On Friday 12 May 2017, “WannaCry”, a global ransomware cyber-attack began infecting computer systems across the world. Whilst the initial attack was halted by security experts, hundreds of thousands of computers have been affected and there are warnings that the security situation is only escalating. Are there any lessons that can be learned from this widespread attack?

The Attack

On Friday, the NHS computer systems of at least 48 hospitals across England came under attack with doctors and employees locked out of critical systems and networks. These computers and networks were infected with “ransomware”, a malicious virus which encrypts files and only offers the decryption key in exchange for money.

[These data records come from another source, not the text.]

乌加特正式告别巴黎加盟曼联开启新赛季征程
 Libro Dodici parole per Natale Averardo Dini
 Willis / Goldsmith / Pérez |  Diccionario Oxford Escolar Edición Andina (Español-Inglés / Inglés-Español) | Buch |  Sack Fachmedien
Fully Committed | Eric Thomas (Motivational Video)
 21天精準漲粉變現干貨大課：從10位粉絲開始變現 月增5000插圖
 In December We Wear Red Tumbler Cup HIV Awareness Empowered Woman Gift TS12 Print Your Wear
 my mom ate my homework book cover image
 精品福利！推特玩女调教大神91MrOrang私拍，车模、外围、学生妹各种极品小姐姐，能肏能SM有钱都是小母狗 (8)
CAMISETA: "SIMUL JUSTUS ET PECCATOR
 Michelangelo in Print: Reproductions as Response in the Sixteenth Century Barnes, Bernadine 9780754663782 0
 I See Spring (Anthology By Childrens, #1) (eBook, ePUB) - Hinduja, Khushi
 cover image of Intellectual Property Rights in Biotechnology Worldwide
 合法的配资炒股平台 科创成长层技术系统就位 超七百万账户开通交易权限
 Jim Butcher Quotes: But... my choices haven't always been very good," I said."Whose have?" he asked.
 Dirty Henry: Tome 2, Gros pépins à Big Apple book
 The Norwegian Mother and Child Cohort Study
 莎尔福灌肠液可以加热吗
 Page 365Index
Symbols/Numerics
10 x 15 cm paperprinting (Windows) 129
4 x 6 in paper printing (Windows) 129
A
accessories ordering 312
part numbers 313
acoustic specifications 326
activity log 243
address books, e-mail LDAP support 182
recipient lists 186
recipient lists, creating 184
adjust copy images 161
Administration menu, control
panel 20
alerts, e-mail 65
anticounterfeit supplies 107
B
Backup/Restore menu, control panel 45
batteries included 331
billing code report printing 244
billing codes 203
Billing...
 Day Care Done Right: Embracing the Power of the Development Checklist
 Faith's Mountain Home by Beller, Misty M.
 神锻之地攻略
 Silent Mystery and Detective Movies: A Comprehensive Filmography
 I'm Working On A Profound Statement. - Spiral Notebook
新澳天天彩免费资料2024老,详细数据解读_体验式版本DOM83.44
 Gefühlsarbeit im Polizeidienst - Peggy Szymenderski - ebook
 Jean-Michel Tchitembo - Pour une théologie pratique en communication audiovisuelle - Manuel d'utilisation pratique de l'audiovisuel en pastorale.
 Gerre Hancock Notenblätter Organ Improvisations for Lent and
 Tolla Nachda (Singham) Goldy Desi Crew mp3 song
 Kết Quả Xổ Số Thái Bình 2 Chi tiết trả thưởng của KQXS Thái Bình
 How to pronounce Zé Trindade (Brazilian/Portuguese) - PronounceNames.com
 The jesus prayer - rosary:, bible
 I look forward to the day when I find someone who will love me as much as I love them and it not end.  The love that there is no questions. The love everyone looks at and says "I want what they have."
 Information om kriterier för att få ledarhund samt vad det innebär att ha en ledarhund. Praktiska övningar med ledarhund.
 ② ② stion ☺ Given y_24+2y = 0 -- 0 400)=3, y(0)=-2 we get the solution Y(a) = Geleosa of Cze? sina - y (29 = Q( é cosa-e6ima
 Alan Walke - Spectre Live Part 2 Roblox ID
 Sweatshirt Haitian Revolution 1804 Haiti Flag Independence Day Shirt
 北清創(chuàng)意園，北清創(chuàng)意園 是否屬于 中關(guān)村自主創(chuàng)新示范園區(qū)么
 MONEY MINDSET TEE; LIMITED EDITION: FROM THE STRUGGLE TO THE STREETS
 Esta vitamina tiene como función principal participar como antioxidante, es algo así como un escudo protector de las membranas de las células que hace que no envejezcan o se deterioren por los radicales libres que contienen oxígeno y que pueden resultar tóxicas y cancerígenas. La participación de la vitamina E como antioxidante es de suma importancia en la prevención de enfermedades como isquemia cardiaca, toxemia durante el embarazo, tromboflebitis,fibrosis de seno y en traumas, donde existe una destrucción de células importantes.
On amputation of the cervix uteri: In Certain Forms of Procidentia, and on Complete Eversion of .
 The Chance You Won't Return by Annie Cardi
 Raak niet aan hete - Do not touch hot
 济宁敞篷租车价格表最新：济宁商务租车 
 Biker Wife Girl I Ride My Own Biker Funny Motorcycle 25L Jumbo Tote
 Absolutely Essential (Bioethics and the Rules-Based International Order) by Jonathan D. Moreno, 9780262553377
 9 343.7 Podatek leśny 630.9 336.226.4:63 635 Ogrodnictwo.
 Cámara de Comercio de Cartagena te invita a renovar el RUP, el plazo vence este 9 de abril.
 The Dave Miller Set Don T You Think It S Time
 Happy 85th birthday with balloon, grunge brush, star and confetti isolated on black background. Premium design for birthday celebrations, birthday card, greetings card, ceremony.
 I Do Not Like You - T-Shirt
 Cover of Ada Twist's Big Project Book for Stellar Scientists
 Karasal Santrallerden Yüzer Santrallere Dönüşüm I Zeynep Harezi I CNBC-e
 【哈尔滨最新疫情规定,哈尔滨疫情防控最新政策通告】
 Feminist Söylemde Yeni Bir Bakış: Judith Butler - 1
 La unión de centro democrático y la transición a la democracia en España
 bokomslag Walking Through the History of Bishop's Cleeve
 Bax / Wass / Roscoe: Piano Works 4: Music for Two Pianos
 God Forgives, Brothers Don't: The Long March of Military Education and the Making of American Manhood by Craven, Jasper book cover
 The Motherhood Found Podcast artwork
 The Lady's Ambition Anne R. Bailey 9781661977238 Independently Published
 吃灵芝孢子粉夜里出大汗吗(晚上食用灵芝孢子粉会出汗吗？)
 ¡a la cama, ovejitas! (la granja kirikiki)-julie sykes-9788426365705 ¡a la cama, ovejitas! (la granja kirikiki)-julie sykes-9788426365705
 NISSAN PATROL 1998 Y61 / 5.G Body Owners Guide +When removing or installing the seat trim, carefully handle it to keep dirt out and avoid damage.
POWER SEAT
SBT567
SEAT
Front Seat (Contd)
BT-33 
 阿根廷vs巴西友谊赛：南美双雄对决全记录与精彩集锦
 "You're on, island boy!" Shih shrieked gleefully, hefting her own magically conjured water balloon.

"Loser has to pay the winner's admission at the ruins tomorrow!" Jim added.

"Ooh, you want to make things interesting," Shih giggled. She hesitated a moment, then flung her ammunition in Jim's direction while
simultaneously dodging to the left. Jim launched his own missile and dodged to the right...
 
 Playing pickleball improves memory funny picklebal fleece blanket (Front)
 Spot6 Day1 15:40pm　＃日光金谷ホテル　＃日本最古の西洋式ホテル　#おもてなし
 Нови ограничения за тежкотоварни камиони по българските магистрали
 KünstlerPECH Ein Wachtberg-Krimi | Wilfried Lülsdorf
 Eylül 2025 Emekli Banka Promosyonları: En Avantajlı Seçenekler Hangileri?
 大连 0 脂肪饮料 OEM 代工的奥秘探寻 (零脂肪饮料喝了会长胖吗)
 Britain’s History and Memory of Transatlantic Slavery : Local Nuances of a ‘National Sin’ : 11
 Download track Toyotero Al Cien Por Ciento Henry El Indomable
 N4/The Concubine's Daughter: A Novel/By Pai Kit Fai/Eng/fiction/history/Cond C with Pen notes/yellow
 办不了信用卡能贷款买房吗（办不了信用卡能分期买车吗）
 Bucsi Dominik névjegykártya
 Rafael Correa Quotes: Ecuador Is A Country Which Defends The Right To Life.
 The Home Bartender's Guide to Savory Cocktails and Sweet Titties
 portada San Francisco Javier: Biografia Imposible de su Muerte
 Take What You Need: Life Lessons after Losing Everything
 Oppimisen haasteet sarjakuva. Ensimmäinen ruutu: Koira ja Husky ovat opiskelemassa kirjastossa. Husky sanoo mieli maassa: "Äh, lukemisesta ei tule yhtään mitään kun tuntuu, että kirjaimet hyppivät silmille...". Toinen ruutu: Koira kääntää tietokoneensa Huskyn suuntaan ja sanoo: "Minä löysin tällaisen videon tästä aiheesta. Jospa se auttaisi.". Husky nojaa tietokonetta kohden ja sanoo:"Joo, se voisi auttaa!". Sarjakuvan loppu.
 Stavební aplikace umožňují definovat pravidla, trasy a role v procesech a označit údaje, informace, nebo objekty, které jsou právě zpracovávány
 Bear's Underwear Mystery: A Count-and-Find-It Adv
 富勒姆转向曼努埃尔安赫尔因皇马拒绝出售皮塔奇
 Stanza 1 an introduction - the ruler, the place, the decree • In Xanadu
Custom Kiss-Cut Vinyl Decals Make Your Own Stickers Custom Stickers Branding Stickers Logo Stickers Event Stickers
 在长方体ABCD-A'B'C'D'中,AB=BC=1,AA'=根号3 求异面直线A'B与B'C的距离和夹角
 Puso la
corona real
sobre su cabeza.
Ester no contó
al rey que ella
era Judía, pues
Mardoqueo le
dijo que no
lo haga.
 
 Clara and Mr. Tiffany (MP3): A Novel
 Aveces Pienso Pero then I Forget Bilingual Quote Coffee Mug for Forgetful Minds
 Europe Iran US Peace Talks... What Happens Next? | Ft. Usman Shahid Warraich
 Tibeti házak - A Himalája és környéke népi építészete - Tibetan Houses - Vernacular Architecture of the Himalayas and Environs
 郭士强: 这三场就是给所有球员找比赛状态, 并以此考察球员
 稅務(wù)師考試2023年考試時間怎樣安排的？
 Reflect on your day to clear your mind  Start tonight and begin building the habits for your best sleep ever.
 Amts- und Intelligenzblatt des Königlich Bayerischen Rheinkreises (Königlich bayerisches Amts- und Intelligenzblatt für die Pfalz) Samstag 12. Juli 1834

However, within hours, it emerged that the attack was not an isolated attack on the NHS but rather a massive digital assault. Spain’s National Cryptology Centre said that various local firms were being targeted by this same variant of the virus, including Telefonica and several energy suppliers. In the US, logistics company Fedex has been impacted, in France some Renault factories had to halt production and in Russia, the interior ministry reported infected computers.

This variant of ransomware known as “WannaCry” exploited a known vulnerability originally exploited by the US National Security Agency. Information regarding the vulnerability was leaked by the hacking group “The Shadow Brokers” which has been releasing its cache of stolen NSA hacking tools on to the internet since last year.

 

The ransomware message displayed to infected users.

The Response

In response to the attack, NHS Trusts all over the country urged people to avoid A&E departments where possible. Routine appointments were also cancelled as staff were unable to use phones, access schedules, patient records, emails, X-rays, test results and prescriptions. Stories emerged online of NHS staff being told to ‘batten down the hatches’ by turning off their computers and unplugging their network cables.

The spread of the initial release was soon slowed because security researchers discovered a website domain that the virus checks before the infection starts and were therefore able to disable its spread. Nevertheless, current BBC analysis of the global attack suggests the hackers have already been paid the equivalent of £22,080.

When the NSA tool vulnerability was first publicised, Microsoft patched all of its currently supported operating systems to fix the flaw, but this still left legacy systems exposed. It was these systems that fell prey to the attack. In response, despite Microsoft officially ending its support for most Windows XP computers back in 2014, it delivered a new public patch for the 16-year-old operating system in what it described as a “highly unusual” step.

The Lessons

Whilst the initial release of the attack appears to have been halted, security experts note that anyone could modify the attack to remove the killswitch and begin attacking computers again. The security researcher who helped to limit the ransomware attack has predicted that another attack is imminent. On Sunday, the Europol chief has indicated that the cyber-attack has so far affected 200,000 victims in 150 countries and is warning of an “escalating threat” So what can be done?

The attack highlights the importance of ensuring computer systems are regularly patched to make sure that they are protected from the latest threats. All personal and corporate users of the vulnerable systems should patch their systems immediately.

However, the cyber-attack also highlights the long-standing problem with IT in large organisations – that implementing change is often too difficult or too costly – so they continue to rely on 16-year-old systems which are unsecure and unsupported.

One hopes that governments and corporations across the world have woken up to the dangers of relying on legacy systems and not investing properly in their IT security and infrastructure.